Photo Credit: Collin Andrew





Things About Fire



I was driving off of the line last night, right through a big burn that some hot shots had just fired off. It was beautiful. More beautiful than Christmas Lights on Snob Hill. More beautiful than Pirates of the Caribbean. More captivating and powerful and terrifying and beautiful than almost anything. All at once. As I drove, I thought to myself, you're the luckiest girl alive. Here you are, broken, weak, quite nearly useless, and you get to see this. To be here. Not only that, you're getting paid. Fire is awesome. You know you're doing the right thing when you can't get over how frakking much you love it.

This is fire. There is no camera or artist that will ever be able to capture the heat that radiates over the road, through the windows of the car, warming the side of your face to remind you, ever-so-gently, that it could melt you into a puddle of nothing. If it decided to. If it ganged up with the wind and felt like it. 



Fire is a destructive force. As with almost all naturally occurring elements, given free reign. It is one of the most amazing and valuable chemical reactions. It has the power to heal as much as destroy. But such power. Two days ago, the only road to where we were working looked like this: 



Today, after a few over zealous hotshots had their way, and we nearly lost hundreds of thousands of dollars of heavy equipment, it looks like this:



The fire blew so forcefully and quickly through that the needles on the trees on the east side of the road didn't even have time to burn off. Just blow sideways and fry to a crisp fall orange. Unnatural for an evergreen. This part of the forest isn't healed. If any of the trees survived, they will struggle through decades of fighting with a new ecosystem to continue their growth. In some places, the burn is gentle and friendly, like a mother changing her baby's diaper. Just cleaning things up. It's not pleasant, unless you happen to be a fire junkie (most of us out here are), but it's necessary and good. Kind of like killing all of the spiders in the world.  

I can never get enough. The smell, even when my eyes and throat and lungs are burning - The smell makes me want to strap on a shelter and a hard hat and tromp into the woods just to see it move through the trees. Something so powerful and mysterious and uncontrollable. Watch the silly little people in their yellow and green chase it furiously with their ineffective tools until the fire grows weary of the game and chases them back to the relative safety of their precious lines.
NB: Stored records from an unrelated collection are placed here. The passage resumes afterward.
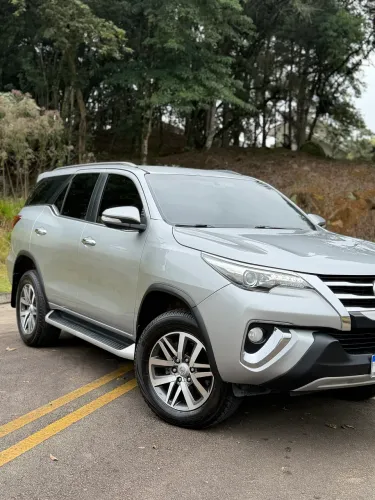 Toyota Hilux SW4 SRX 4X4 2.8 TDI 16V Dies. Aut. 2017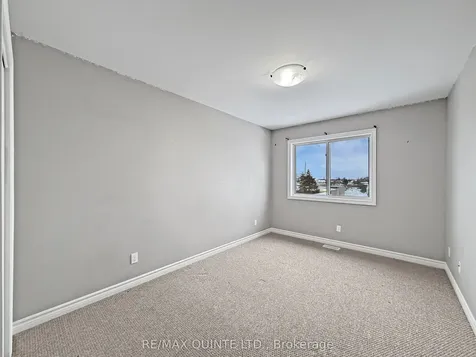 77 Mountain Ash Drive Belleville ON K8N 0E3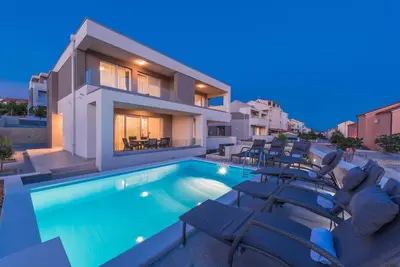 Image de Maison de vacances Novalja pour 1 - 18 personnes avec 6 chambres à coucher - Maison de vacances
Lines that often don't hold, in spite of the countless hours and dollars pumped into them. Whether the lines hold is really more up to the wind, and the sun, and every entity in the woods that isn't wearing green and yellow. All it takes is a singed bunny with a smoking hieny to cross the lines and drag his glowing, emberous cottontail through the crispy green brush. It's happened. But we're here, we draw our lines and chase our smoke and sometimes we get lucky and have the wind and the sun and the rain on our side, when they get tired of the arrogant flame front and his bossiness. And then we win. It's a melancholy win through, killing the passionate beast and trudging through gray sludge as we cool down the messy remains. Every job has its downside. For this one, putting a fire out isn't nearly as fun as outwitting the prolonged chase of it, directing it to where you want it to go in a fashion that will serve the purposes of the forest. Putting the fire out just means moving to the next game of tag, and starting all over. From April Showers til well past the first snowfall of winter, we chase it. Like a virulent  strain of a deadly contagion, we must catch up with it and squelch it. Not much rest. Losing sight of everything else that is important in our lives. Knowing that we can put things off until later. That it's FIRE SEASON and we must go.